In July 2009, the city of Hayward rejected a plan to build four 200-foot radio towers for KDOW near the Hayward Regional Shoreline park. The towers would have allowed KDOW to have a stronger signal for a $5 million one-time fee in addition to an annual $60,000 lease.

Rob Black, who previously hosted Stock Talk on KBZS, returned to the station on October 12, 2010 with a morning drive financial talk show, Rob Black and Your Money. Black previously hosted a show on KNEW.

Beginning in 2013, KDOW began carrying fewer Santa Clara games as KLIV picked up more Santa Clara games. KDOW broadcast only one Santa Clara game in the 2016–17 season.
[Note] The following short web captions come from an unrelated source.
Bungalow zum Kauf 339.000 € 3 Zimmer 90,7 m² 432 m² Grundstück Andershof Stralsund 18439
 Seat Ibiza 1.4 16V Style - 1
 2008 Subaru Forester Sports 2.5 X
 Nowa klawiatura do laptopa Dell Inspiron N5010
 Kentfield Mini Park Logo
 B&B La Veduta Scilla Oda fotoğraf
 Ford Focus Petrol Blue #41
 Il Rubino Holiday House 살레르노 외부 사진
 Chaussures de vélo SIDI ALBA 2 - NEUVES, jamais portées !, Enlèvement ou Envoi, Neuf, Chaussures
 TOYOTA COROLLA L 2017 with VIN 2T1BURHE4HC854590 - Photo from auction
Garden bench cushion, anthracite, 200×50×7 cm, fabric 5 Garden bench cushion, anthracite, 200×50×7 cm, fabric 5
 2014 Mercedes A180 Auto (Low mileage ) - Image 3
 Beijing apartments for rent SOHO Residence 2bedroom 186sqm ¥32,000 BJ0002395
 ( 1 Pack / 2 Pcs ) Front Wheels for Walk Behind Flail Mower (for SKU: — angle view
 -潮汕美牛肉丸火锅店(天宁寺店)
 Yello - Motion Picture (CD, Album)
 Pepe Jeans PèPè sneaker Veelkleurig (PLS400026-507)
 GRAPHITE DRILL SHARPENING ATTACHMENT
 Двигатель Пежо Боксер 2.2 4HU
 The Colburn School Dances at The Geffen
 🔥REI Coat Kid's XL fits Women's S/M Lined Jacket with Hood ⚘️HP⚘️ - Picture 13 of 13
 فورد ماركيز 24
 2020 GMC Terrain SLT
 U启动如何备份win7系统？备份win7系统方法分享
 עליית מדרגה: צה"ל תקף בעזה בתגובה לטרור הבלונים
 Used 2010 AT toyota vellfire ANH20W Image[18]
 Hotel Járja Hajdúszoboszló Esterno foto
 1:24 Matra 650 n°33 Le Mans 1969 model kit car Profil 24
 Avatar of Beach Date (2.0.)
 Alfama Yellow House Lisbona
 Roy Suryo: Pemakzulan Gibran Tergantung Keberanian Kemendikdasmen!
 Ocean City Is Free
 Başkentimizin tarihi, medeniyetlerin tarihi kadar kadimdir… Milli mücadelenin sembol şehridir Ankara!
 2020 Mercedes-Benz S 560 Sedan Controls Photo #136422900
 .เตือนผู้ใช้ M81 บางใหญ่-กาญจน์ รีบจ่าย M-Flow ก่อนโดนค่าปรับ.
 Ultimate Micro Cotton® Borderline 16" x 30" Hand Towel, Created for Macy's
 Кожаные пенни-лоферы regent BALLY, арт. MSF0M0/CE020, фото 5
Beginning in 2017, KDOW broadcast the majority of Santa Clara basketball games, with sister station KTRB occasionally carrying others.

On May 15, 2015, KDOW announced that it took over the radio broadcast rights to the San Jose SaberCats of the Arena Football League.

On September 11, 2015, San Jose Sharks minor league affiliate San Jose Barracuda signed a radio deal with KDOW to broadcast their games.

For the first time since 2005, KDOW resumed broadcasting San Jose State football games in 2020. But in 2021, KDOW broadcast only one San Jose State football game, while the rest were on KTRB.

==Programming==
===Business talk===
The station features a variety of news, business, and financial talk shows, including nationally syndicated shows America in the Morning, Investor's Edge with Gary Kaltbaum, and Market Wrap with Moe Ansari. KDOW also has some locally produced shows, including Rob Black and Your Money in morning drive and some brokered time shows hosted by local financial advisors or business consultants.

===Sports===
Having broadcast San Jose State University football and basketball games in various stints since 1999, KDOW resumed broadcasting San Jose State football in 2020.

KDOW has broadcast Santa Clara University men's basketball games since 2003.

==Technical information==
KDOW is owned by Salem Media Group as part of a five-station cluster of in the San Francisco Bay Area with KDIA, KDYA, KFAX, and KTRB. The stations' studios and offices are in Fremont, and its transmitter is in East Palo Alto west of the Dumbarton Bridge. KDOW broadcasts at 5,000 watts during the day and 145 watts at night. KDOW has a 40-watt translator station in San Francisco, K237GZ (95.3 FM), which was licensed on March 17, 2020.